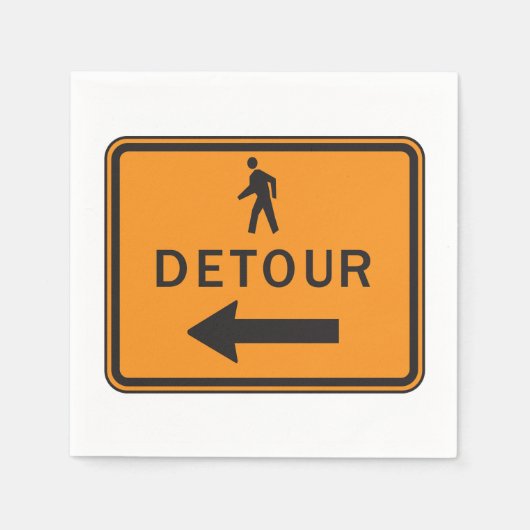 Detour Sign Paper Napkins Serviette (Vorderseite)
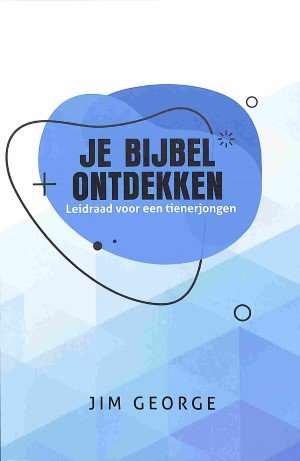 Je Bijbel ontdekken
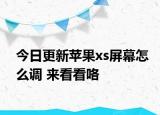 今日更新蘋果xs屏幕怎么調(diào) 來看看咯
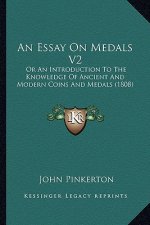 An Essay On Medals V2: Or An Introduction To The Knowledge Of Ancient And Modern Coins And Medals (1808)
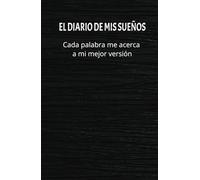 El Diario de mis Sueños: Cada Palabra me Acerca a Mi Mejor Versión: Cuaderno de Manifestación: 130 Días de Afirmaciones e Palabras Positivas y Ejercicios de Atracción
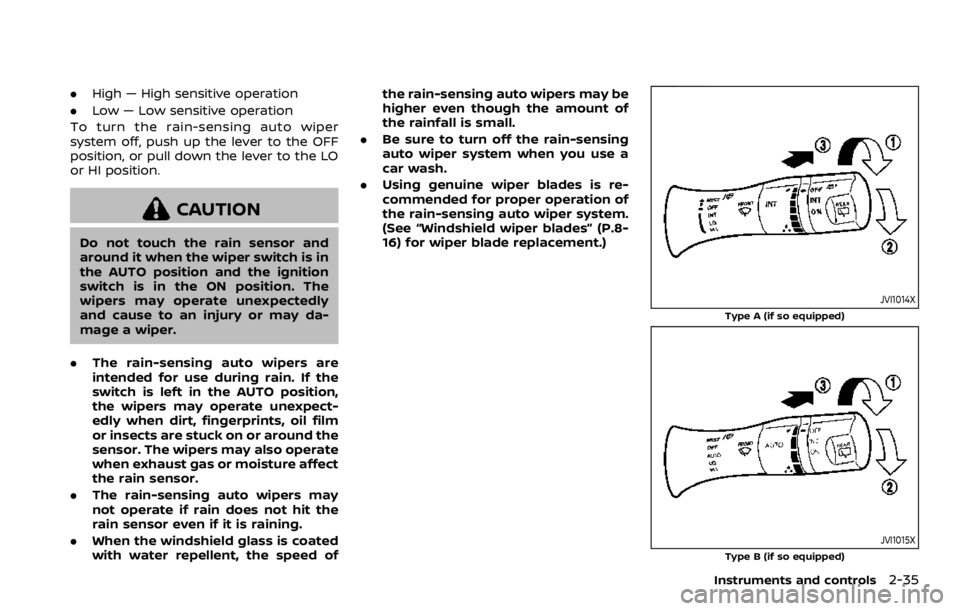 NISSAN ARMADA 2020  Owner´s Manual .High — High sensitive operation
. Low — Low sensitive operation
To turn the rain-sensing auto wiper
system off, push up the lever to the OFF
position, or pull down the lever to the LO
or HI posit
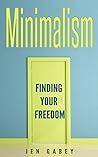 Minimalism by Jen Gabey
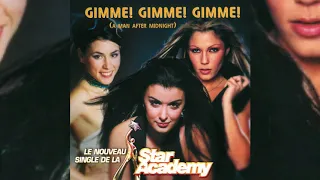 Jenifer / Olivia Ruiz / Carine Haddadou (Star Academy) • Gimme ! Gimme ! Gimme ! (2001)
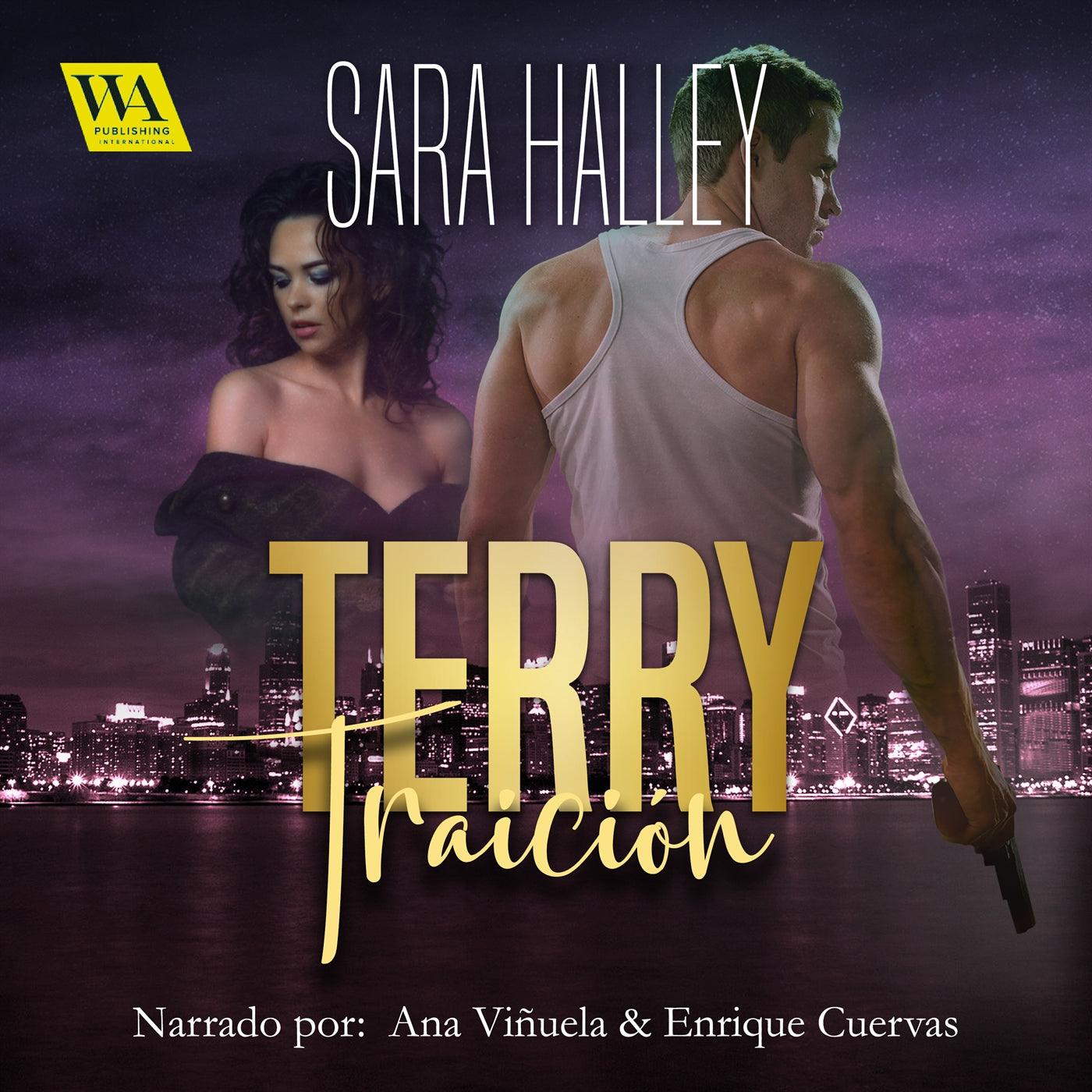 Terry. Traición – Ljudbok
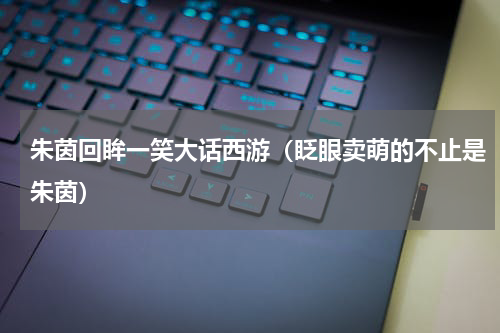 朱茵回眸一笑大话西游（眨眼卖萌的不止是朱茵）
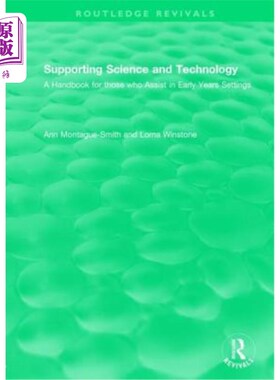 海外直订Supporting Science and Technology (1998): A Handbook for Those Who Assist in Ear 支持科学和技术（1998）：为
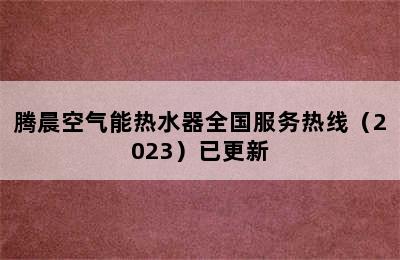 腾晨空气能热水器全国服务热线（2023）已更新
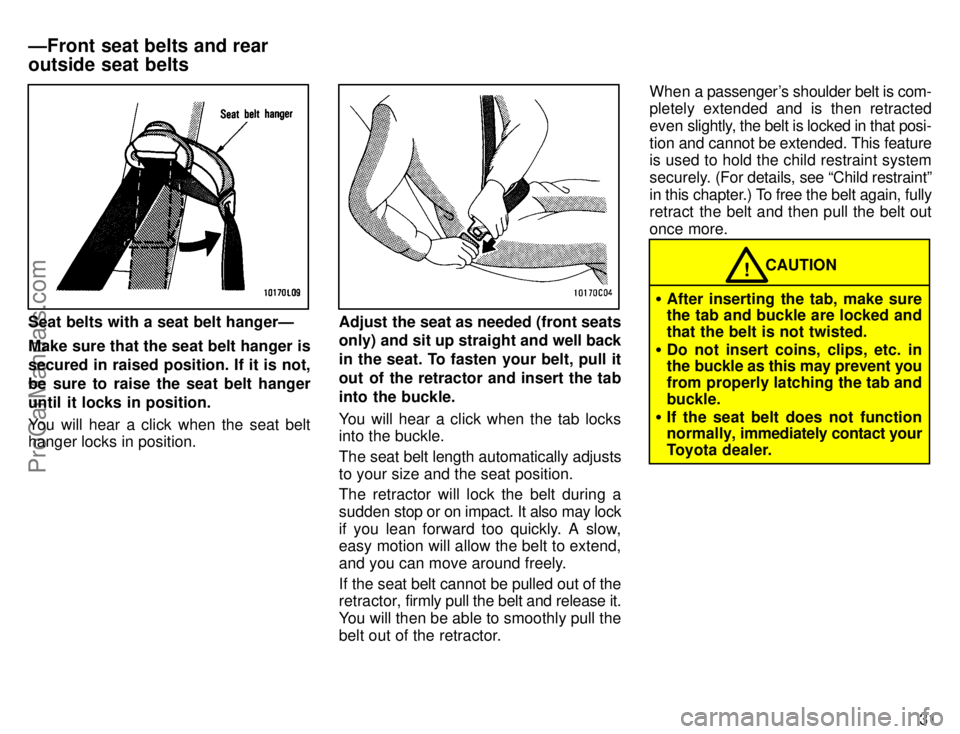 TOYOTA CAMRY 1996  Owners Manual 31
Seat belts with a seat belt hangerÐ
Make sure that the seat belt hanger is
secured in raised position. If it is not,
be sure to raise the seat belt hanger
until it locks in position.
You will hear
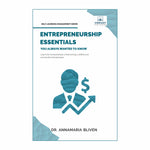 Entrepreneurship Essentials You Always Wanted To Know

= = = =

**Required action**
Reproduce the data word for word without its images.

**Reply to the task**
 Detour Sign Paper Napkins Serviette (Vorderseite)
 Je Bijbel ontdekken
 今日更新蘋果xs屏幕怎么調(diào) 來看看咯
 An Essay On Medals V2: Or An Introduction To The Knowledge Of Ancient And Modern Coins And Medals (1808)
 El Diario de mis Sueños: Cada Palabra me Acerca a Mi Mejor Versión: Cuaderno de Manifestación: 130 Días de Afirmaciones e Palabras Positivas y Ejercicios de Atracción
 NISSAN ARMADA 2020  Owner´s Manual .High — High sensitive operation
. Low — Low sensitive operation
To turn the rain-sensing auto wiper
system off, push up the lever to the OFF
position, or pull down the lever to the LO
or HI posit
 Minimalism by Jen Gabey
 Jenifer / Olivia Ruiz / Carine Haddadou (Star Academy) • Gimme ! Gimme ! Gimme ! (2001)
 Terry. Traición – Ljudbok
 朱茵回眸一笑大话西游（眨眼卖萌的不止是朱茵）
 海外直订Supporting Science and Technology (1998): A Handbook for Those Who Assist in Ear 支持科学和技术（1998）：为
 腾晨空气能热水器全国服务热线（2023）已更新
 TOYOTA CAMRY 1996  Owners Manual 31
Seat belts with a seat belt hangerÐ
Make sure that the seat belt hanger is
secured in raised position. If it is not,
be sure to raise the seat belt hanger
until it locks in position.
You will hear
 Entrepreneurship Essentials You Always Wanted To Know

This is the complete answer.